Paul turned on his seat, trying to shade his face from the blistering sun. The seat wobbled as he turned and Paul half rose to examine his perch. He didn’t know that the middle seat was the boat’s live-box. I shut off the motor and explained to him that the live-box was a built-in compartment with holes bored through its bottom, which was also the boat’s hull, to permit water to circulate inside and keep a catch of fish alive and fresh.

“Then what’s down in there now?” he yelled.

“Oh — dear Lord!” I shot up a prayer. “Please, don’t let there be a water moccasin in here with us!”

After a careful but shaky approach to the live-box, I was greatly relieved to see a strip of oily rag floating around in the box’s murky depths in a most convincing snakelike manner. It was a few moments before I could muster the strength to pull the starter cord — and a while before my pulse returned to near normal and my heart stopped pounding like a parade drum.

My eyes roamed over our gear, scattered from bow to stern. There was our shiny new $6 two-man floorless pup tent along with four tightly rolled quilts from home. These would be our bedding, two for each of us — one quilt as our mattress and the other to crawl under along with an assorted variety of bugs, ants, katydids, and other creatures that often crawl under camping covers.

Our tacklebox was an old toolbox that we had discovered in the woods and coveted home. A few dents smoothed out and a couple of coats of green paint had made it worthy. We had cane fishing poles, a coffee can of nightcrawlers, which we’d dug behind our garage, a trotline and three-dozen shiny new hooks, and half a pound of juicy beef liver as trotline bait.

An overhead line illustration of a dad and his son fishing
Illustration by Charles Waterhouse / OL

Beneath my feet was a dishpan brimming with pint jars of meal, shortening, coffee, bread, a serving-for-six can of beef stew, two cans of pork and beans, eight large Irish potatoes, two raspy-skin white onions, a candle, dishcloths, knives, forks, spoons, plates, and two tin coffee cups. Behind Paul were two one-gallon jugs of water to be used for drinking and dishwashing.

Our small ice chest held three quart-size blocks of ice that we had frozen at home. Newspaper lay over the ice for insulation. On top of the old newsprint lay a pound of bacon and half a dozen eggs carefully wrapped in some of the best pages of a Sears & Roebuck catalog.

A can of fuel for the motor, two gallon jugs of used motor oil, and a bundle of dried cattails, which we had pulled up from the edge of a bayou, lay in the bow. Tonight we would soak the cattails in the oil, stick them in stump tops, and set them afire. With luck, fish would be attracted by the fire-seared bugs and insects and would hit our short-lined baited hooks.

I cut the motor as we steered the boat through the narrow opening to the island. The bow made a soft sighing sound as it slipped up on the sand. For a moment we sat and listened to the silence around us, unbroken except for the sound of a cypress gumball kerplunking into the bayou and an occasional splash of a fish.
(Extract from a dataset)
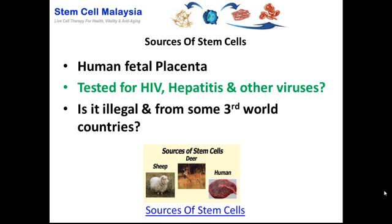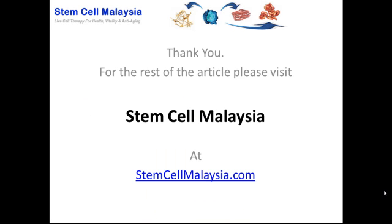As far as the current status is concerned, it is probably better to stay away from human sources of stem cells. Thank you for watching this video. For the rest of the article and details, please visit StemCellMalaysia.com. Thank you, bye-bye.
Though the sun was still two hours high, those were the only sounds we heard.

About 20 feet in front of our boat we cleared an area for our tent, and to the left we cleared another spot for our campfire. A few feet from our campfire site we dug a hole for our dishwater and empty tin cans, which we would burn and then smash flat and bury before our departure the next day. I took great pains in explaining to Paul that to enjoy the wonders and treasures of the outdoors we had to do our part in keeping the bayous, lakes, rivers streams, and woodlands clean. We picked up fist-size pine cones and resinous pine knots, and gathered an ample supply of firewood from a large downed oak. Amid the fire circle we stacked pine needles haystack fashion, then built around them with small twigs. Around these we placed four pieces of oak in a diamond shape and then put small limbs and branches crosswise and upward. Tonight our campfire would bring out the essence of camping as its flames shadow-danced in the sand. We unloaded the boat and pitched the tent, guying and ditching it in case of rain. We placed a layer of pine needles and moss inside, and our bedding was spread over this soft mattress.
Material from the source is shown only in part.